Concepts de base
This article introduces three preprocessing algorithms - RPCG, ADI, and Kaczmarz - that can be combined with the BA-GMRES method to efficiently solve large-scale linear equation systems. The preprocessing matrices generated by these inner iteration methods can significantly improve the convergence speed of the outer BA-GMRES iteration.
Résumé
The article focuses on developing efficient preprocessing algorithms to accelerate the solution of large-scale linear equation systems. It introduces three inner iteration methods - RPCG, ADI, and Kaczmarz - that can be used to generate preprocessing matrices for the BA-GMRES outer iteration.
The RPCG-BA-GMRES method uses the Restricted Preconditioned Conjugate Gradient (RPCG) method as the inner iteration to generate a preconditioning matrix. The convergence analysis shows that this approach can effectively reduce the condition number of the original problem.

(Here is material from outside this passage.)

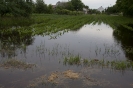 2013_arviz_144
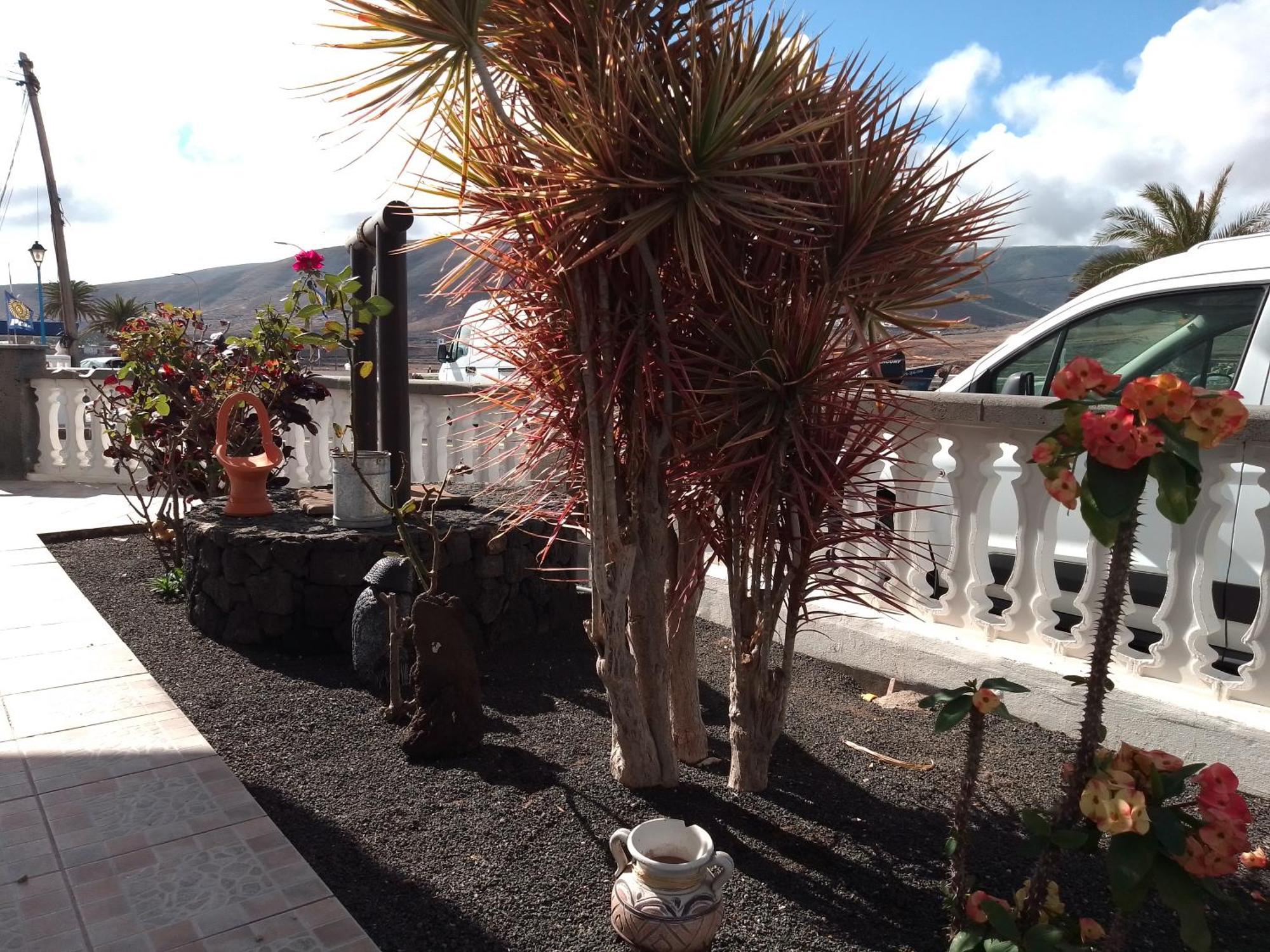 El Mirador * Arrieta (Lanzarote)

The ADI-BA-GMRES method uses the Alternating Direction Implicit (ADI) iteration as the inner iteration. The convergence of the ADI method is analyzed, proving that it converges unconditionally.
The Kaczmarz-BA-GMRES method uses the Kaczmarz method and its variants, including random Kaczmarz with constant and adaptive step sizes, as the inner iterations. Convergence rates are derived for these Kaczmarz-based methods.
The article also provides numerical examples demonstrating the effectiveness of these preprocessing approaches in improving the solution rate compared to solving the original linear system directly.
Stats
The article does not contain any explicit numerical data or statistics. It focuses on the theoretical development and analysis of the preprocessing algorithms.
Citations
"This article aims to combine the Restricted Preconditioned Conjugate Gradient method (RPCG), Alternating Direction Iteration method (ADI), Kaczmarz method, and its variants with the BA-GMRES method to develop an approach for solving linear equation systems, with the goal of improving the solution rate."
"The first part mainly introduces the algorithm flow of using the RPCG method as the inner iteration and BA-GMRES as the outer iteration, and its convergence analysis. The second part mainly introduces the algorithm flow of using the ADI method as the inner iteration and BA-GMRES as the outer iteration, and its convergence analysis. The third part mainly introduces the algorithm flow of using Kaczmarz and random Kaczmarz methods as the inner iterations, BA-GMRES as the outer iteration, and the corresponding convergence analysis."